Where the line containing "Contemporary Linen Blend" appears, start repeating, and continue exactly through the last line below, adding nothing. Include no pictures.
------ SUPPLIED MATERIAL ------
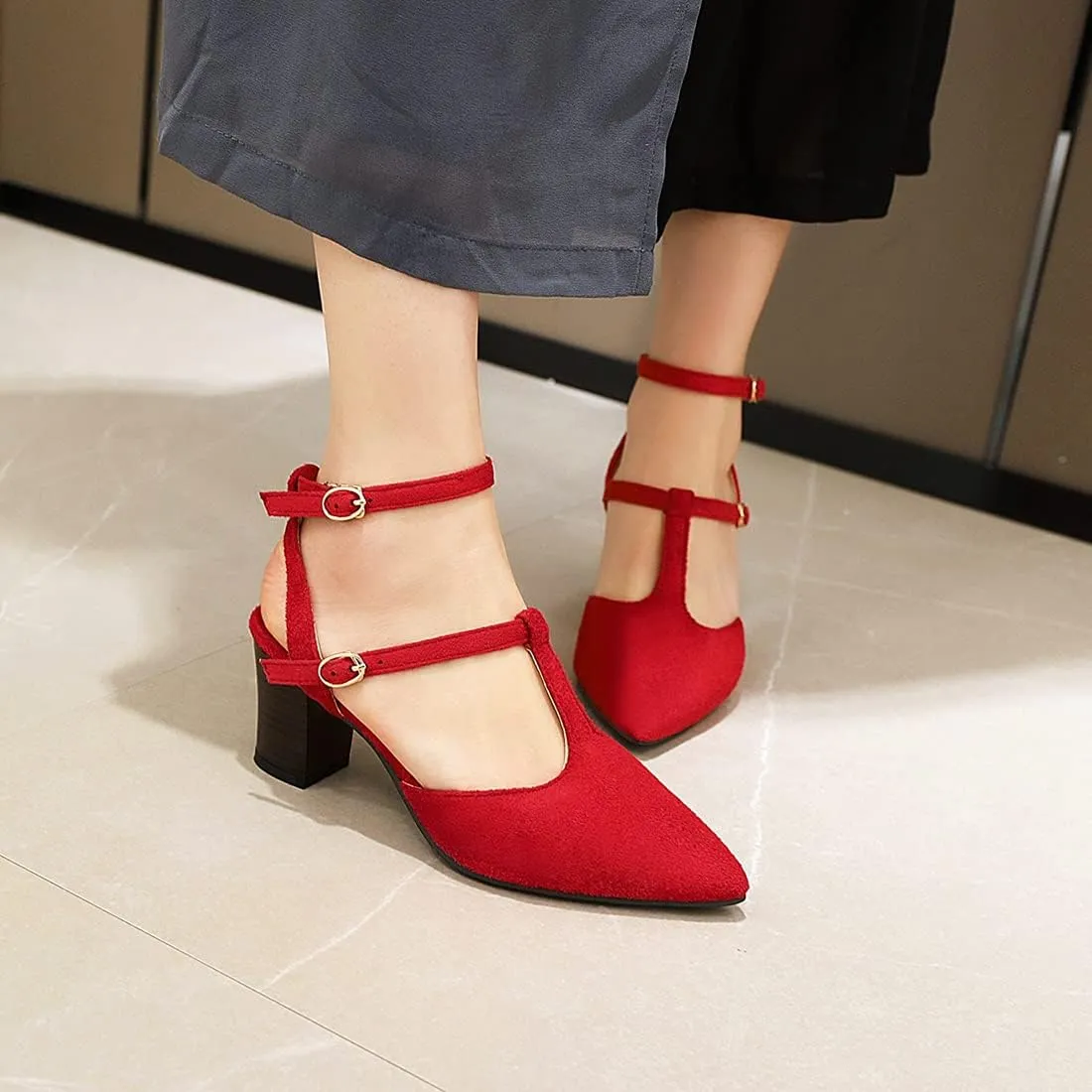 VOKLIN Women's Pointed Toe T-strap Block High Heel Dress Sandals Ankle Strap Party Pump Dressy Heeled Sandal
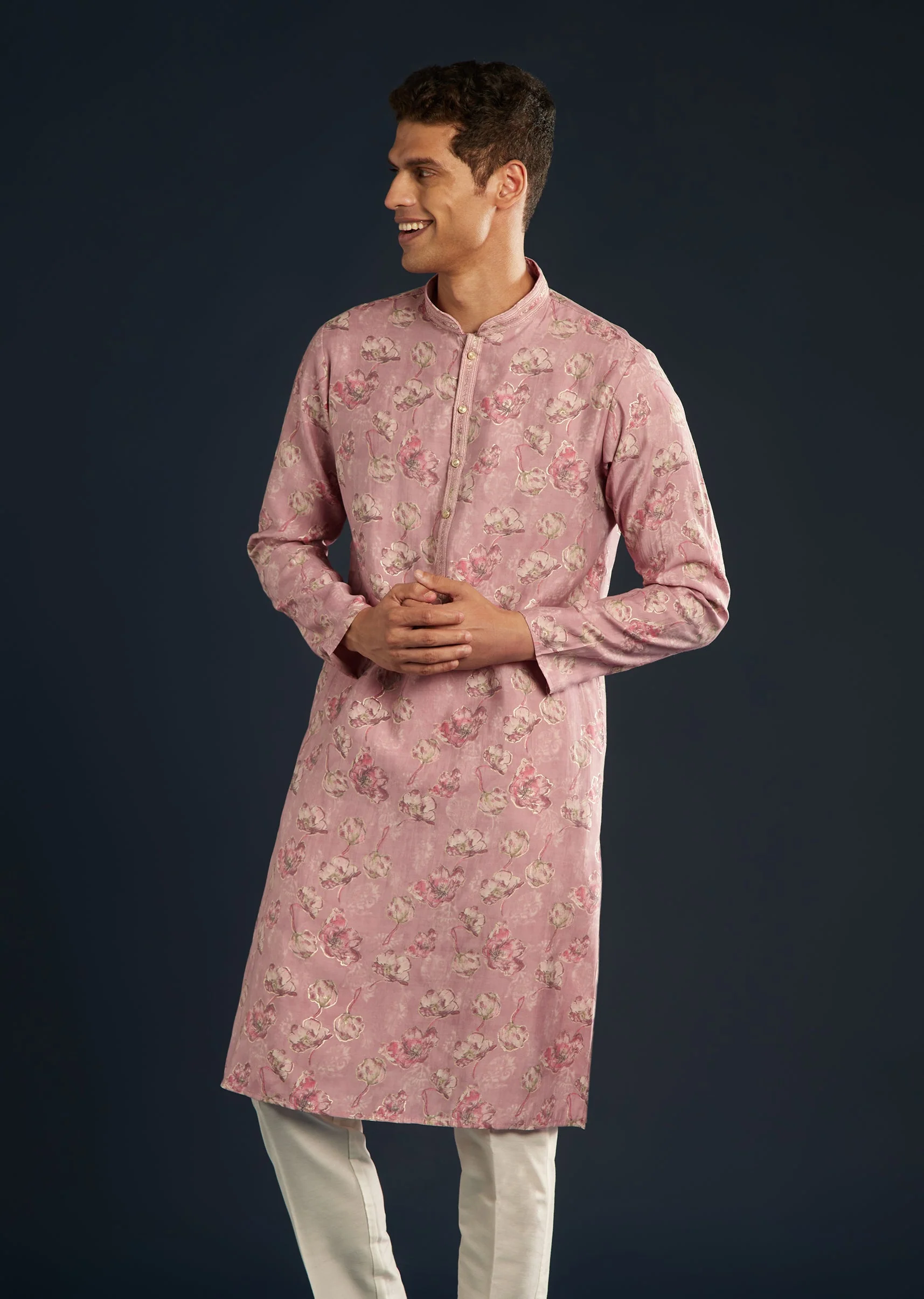 Purple Silk Mens Kurta Set with Floral Motifs - Image 4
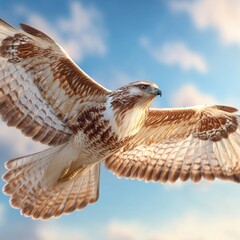 Majestic Bird of Prey Soaring High in the Sky Detailed Feathers Brown and White with a Clear Blue Sky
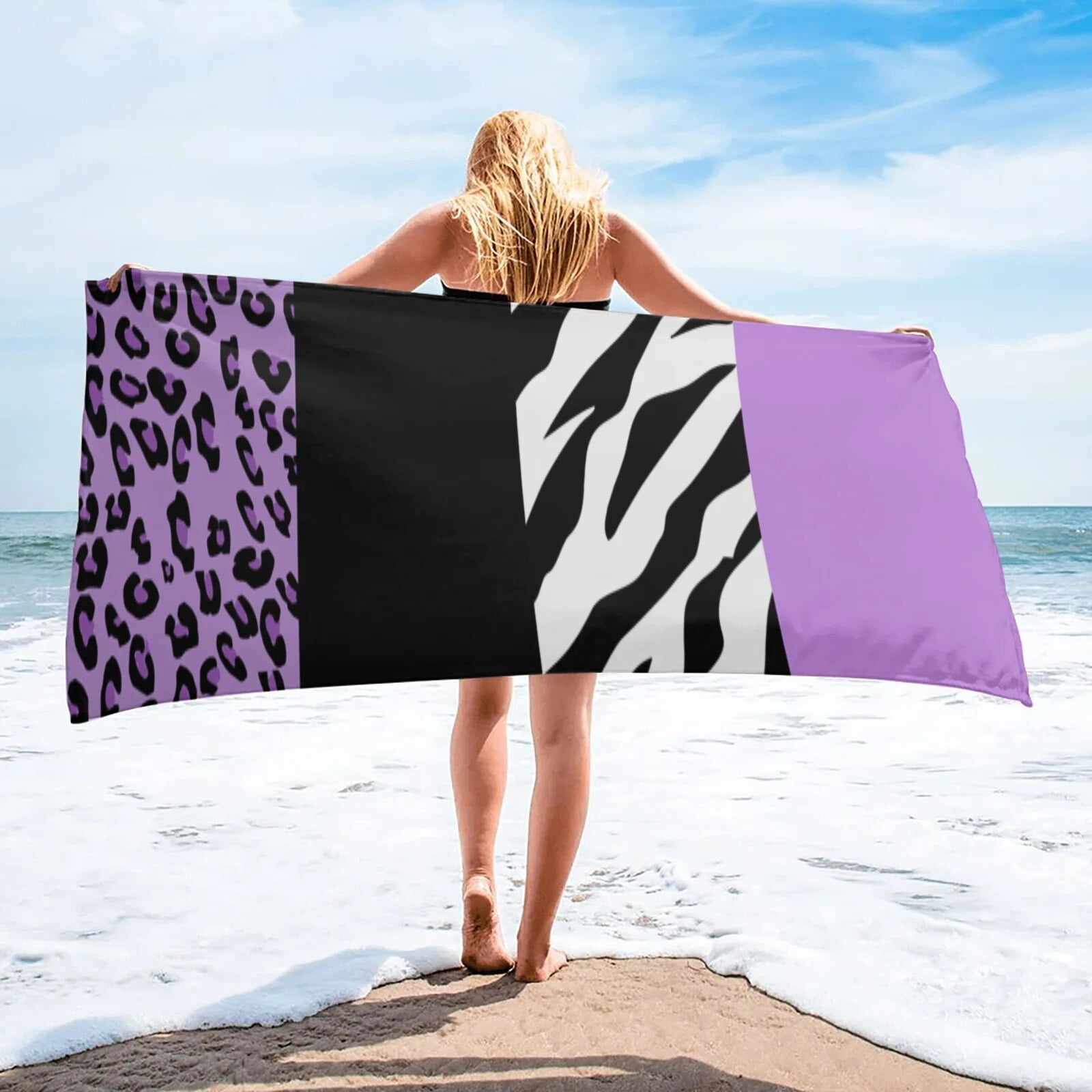 Animal Print Zebra Stripes Leopard Spots Bath Towel Swimming Bath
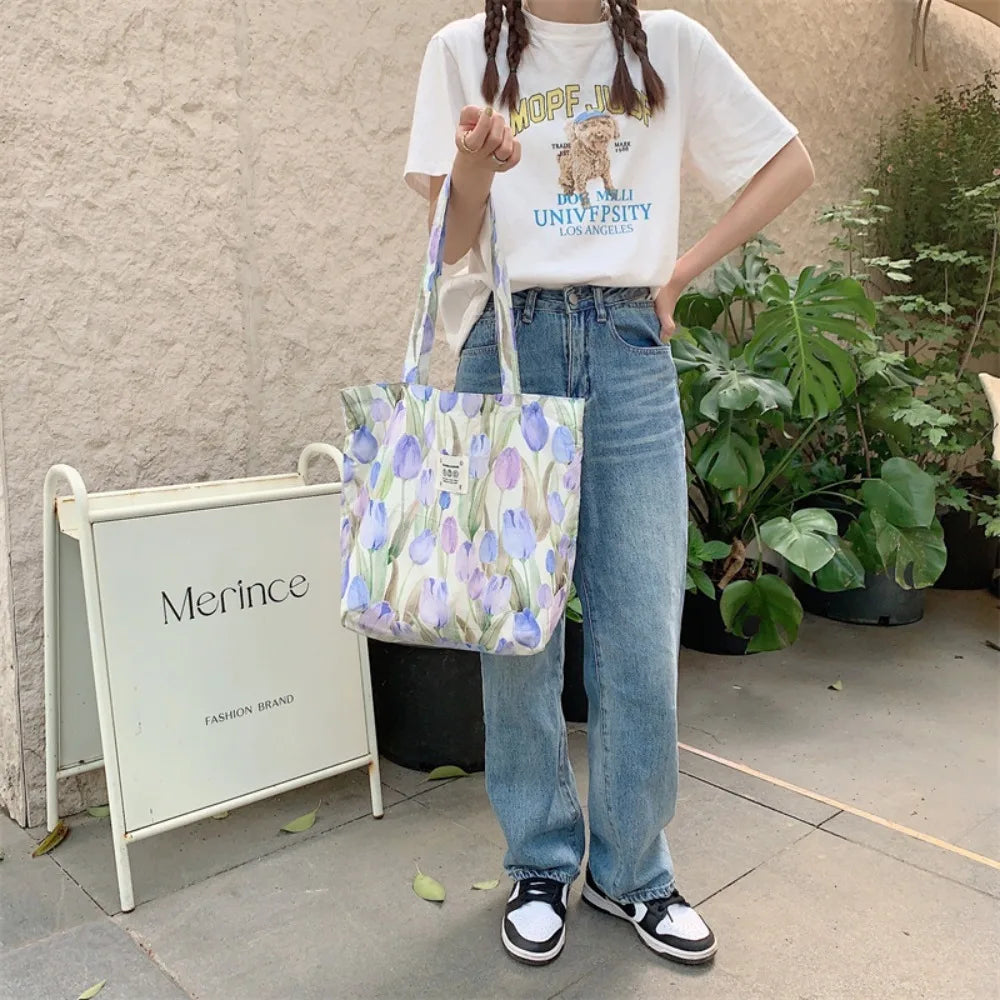 Large Capacity Shoulder Bag - Fashion Vintage Floral Cotton Fabric Shopping Bags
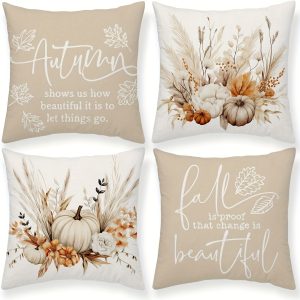 Contemporary Linen Blend Throw Pillow Covers Set of 4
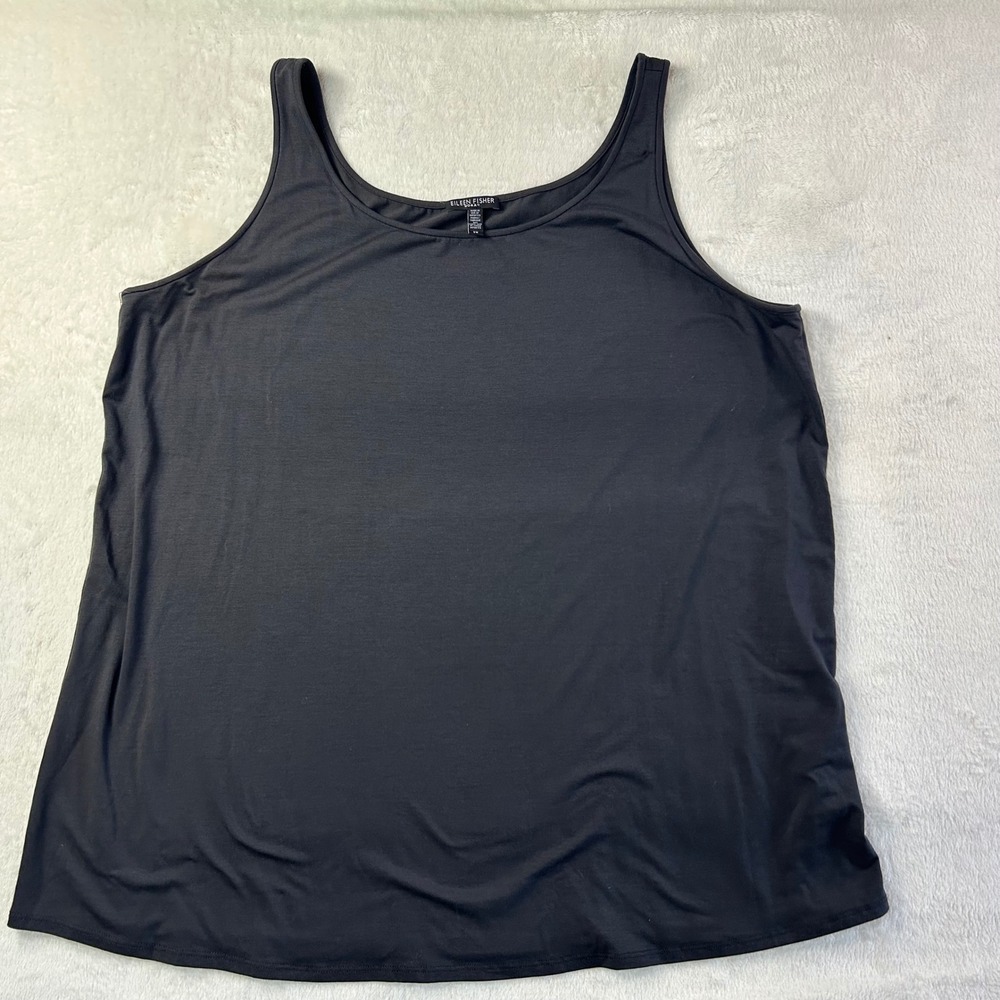 Eileen Fisher Tencel Quiet Luxury Scoop Neck Tank Top 2X Black Minimalist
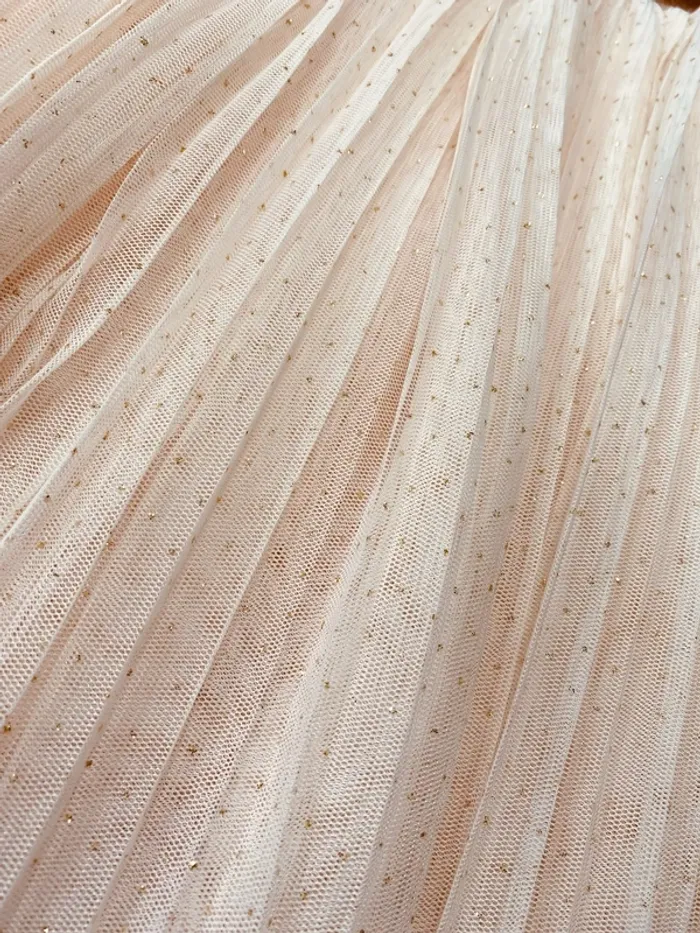 Taille 3-4 ans Robe créateur fille TAO beige pêche doré * satin tulle scintillant * 🩷 - photo numéro 5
------
RESPONSE BELOW =
 Contemporary Linen Blend Throw Pillow Covers Set of 4
 Eileen Fisher Tencel Quiet Luxury Scoop Neck Tank Top 2X Black Minimalist
 Taille 3-4 ans Robe créateur fille TAO beige pêche doré * satin tulle scintillant * 🩷 - photo numéro 5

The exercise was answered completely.